Both Roach and Albrecht said that one way they got around this is by using a feature that is intended to let non-VR users in on what’s happening behind the headset, known as casting. This option lets you see what the VR headset-wearer is doing in real-time on a smartphone or other flat screen.

“Any time my kids jump into VR I take advantage of the casting feature,” said Roach, whose family has both a Quest 2 and a PlayStation VR headset, the latter of which does offer parental controls such as playtime restrictions via a PlayStation 4. In his home, he said, it’s actually easier to monitor their three-dimensional activities than two-dimensional gaming on the PS4, which is tucked away in a bedroom.

In hopes of preventing — or at least minimizing — negative experiences in virtual spaces, Roach and other parents said they’re monitoring the apps their kids download and setting rules about what types of content are off-limits. Roach said his kids aren’t allowed to download any apps, though they can suggest titles to him and he’ll research them (and, typically, play them himself) to ensure they’re appropriate. His experience with Blade & Sorcery helped him settle on a no-realistic-violence policy for VR play, but he’s okay with cartoonish brutality.

Albrecht, who works in public relations in the tech industry, doesn’t allow any VR apps that include guns, violence, or zombies, she said. Since she set up both her kids’ Quest 2 headsets with her own Facebook account, which connects to the Oculus app on her phone, she can check the app to see if they’ve downloaded any free apps. The kids use the headsets next to her or her husband, she said, where the adults can hear (via the Quest 2’s built-in speakers) what’s going on, too.

For all the potential risks, Albrecht and other parents said they also see how VR can be fun and useful for their kids. “It’s also like this new frontier of their social lives, where they’re learning to communicate,” she said. “We work in a remote world. They have to learn those skills, too.”

While casting and limiting types of content kids can access may help adults track what their children are doing, it doesn’t eliminate the possibility that a child will encounter violence or abuse in a virtual setting.

“Things you see you can’t un-see,” said Kavya Pearlman, founder and CEO of XR Safety Initiative, whose efforts include the creation of child-safety standards for VR and augmented reality, or AR.

Additionally, very little is known about how VR usage can impact children over time. A range of studies have been conducted over the years, but it remains unclear whether and how VR can harm a child’s eyes, brain, or psychological development. Pearlman hopes to see more research this year.
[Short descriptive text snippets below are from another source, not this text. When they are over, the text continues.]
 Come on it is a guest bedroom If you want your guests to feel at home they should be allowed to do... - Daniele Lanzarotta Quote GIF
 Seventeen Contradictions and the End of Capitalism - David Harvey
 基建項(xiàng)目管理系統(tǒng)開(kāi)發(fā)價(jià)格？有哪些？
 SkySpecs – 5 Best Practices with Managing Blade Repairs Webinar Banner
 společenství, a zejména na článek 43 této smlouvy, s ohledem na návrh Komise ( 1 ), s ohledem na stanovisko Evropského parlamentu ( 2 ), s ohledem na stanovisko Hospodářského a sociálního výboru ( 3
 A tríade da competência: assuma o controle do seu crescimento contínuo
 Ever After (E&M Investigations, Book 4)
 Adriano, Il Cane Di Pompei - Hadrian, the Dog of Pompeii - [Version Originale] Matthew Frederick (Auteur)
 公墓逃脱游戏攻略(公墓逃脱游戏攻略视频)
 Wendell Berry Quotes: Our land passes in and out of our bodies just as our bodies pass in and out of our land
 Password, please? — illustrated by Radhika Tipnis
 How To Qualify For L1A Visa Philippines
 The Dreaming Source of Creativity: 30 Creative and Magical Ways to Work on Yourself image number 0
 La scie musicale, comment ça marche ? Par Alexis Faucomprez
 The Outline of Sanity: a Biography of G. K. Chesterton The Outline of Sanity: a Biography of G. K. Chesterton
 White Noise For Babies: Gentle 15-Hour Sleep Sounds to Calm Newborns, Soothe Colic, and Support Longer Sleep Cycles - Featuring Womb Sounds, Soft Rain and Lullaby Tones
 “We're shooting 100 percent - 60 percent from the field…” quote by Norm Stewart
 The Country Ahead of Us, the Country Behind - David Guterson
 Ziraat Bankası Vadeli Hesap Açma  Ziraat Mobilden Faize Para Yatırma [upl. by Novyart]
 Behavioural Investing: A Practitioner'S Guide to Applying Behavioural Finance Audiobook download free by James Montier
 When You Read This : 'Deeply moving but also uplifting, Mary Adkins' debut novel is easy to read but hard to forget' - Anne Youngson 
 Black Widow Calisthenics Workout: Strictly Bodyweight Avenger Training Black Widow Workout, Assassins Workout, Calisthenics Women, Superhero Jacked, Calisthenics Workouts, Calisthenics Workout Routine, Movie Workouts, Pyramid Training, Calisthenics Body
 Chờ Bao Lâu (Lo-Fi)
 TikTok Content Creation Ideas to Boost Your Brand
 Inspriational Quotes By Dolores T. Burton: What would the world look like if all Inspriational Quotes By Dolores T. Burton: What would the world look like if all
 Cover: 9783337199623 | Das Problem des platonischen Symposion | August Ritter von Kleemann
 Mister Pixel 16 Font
Beyond monitoring what kids are doing when wearing a headset, Pearlman recommends talking to kids about not talking to strangers in VR. The XR Safety Initiative lists a host of recommendations for parents whose kids use VR online — including that they check individual apps for the existence of different safety settings. Pearlman also advised that kids spend no more than 20 minutes using VR at a time, though she acknowledged it’s an arbitrary time limit.

“I think the time limit really depends on the amount of stimulant the experience gives to the child, which we can’t really calculate on the fly,” she said.

Even if parents don’t set a time limit, however, a quirk of existing wireless VR headsets may become a benefit for those weary of tracking their kids’ virtual activities, as they only have a few hours of charge and may run out far faster than other gadgets kids might use.

“I will say that is the other parental control: the battery life. It does not last that long,” Albrecht said.